Symmetrical Visual Contrastive Optimization: Aligning Vision-Language Models with Minimal Contrastive Images
Shengguang Wu, Fan-Yun Sun, Kaiyue Wen, Nick Haber

TL;DR
This paper introduces S-VCO, a novel finetuning method for vision-language models that improves visual grounding and reduces hallucinations by emphasizing fine-grained image details and alignment with text, using a new dataset and contrastive optimization.
Contribution
We propose S-VCO, a symmetrical contrastive optimization technique, and MVC, a challenging dataset for better visual-text alignment in vision-language models.
Findings
Up to 22% reduction in hallucinations.
Significant improvements in vision-centric tasks.

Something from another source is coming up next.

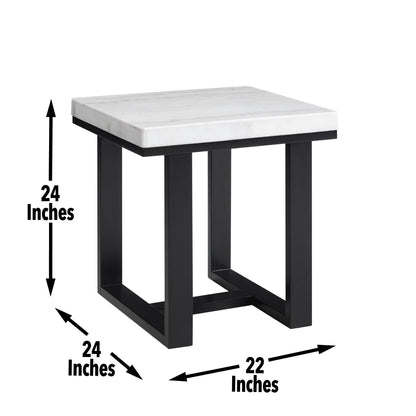 Lucca - End Table - Hornell Furniture Outlet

Enhanced performance on diverse benchmarks.
Abstract
Recent studies have shown that Large Vision-Language Models (VLMs) tend to neglect image content and over-rely on language-model priors, resulting in errors in visually grounded tasks and hallucinations. We hypothesize that this issue arises because existing VLMs are not explicitly trained to generate texts that are accurately grounded in fine-grained image details. To enhance visual feedback during VLM training, we propose S-VCO (Symmetrical Visual Contrastive Optimization), a novel finetuning objective that steers the model toward capturing important visual details and aligning them with corresponding text tokens. To further facilitate this detailed alignment, we introduce MVC, a paired image-text dataset built by automatically filtering and augmenting visual counterfactual data to challenge the model with hard contrastive cases involving Minimal Visual Contrasts. Experiments show…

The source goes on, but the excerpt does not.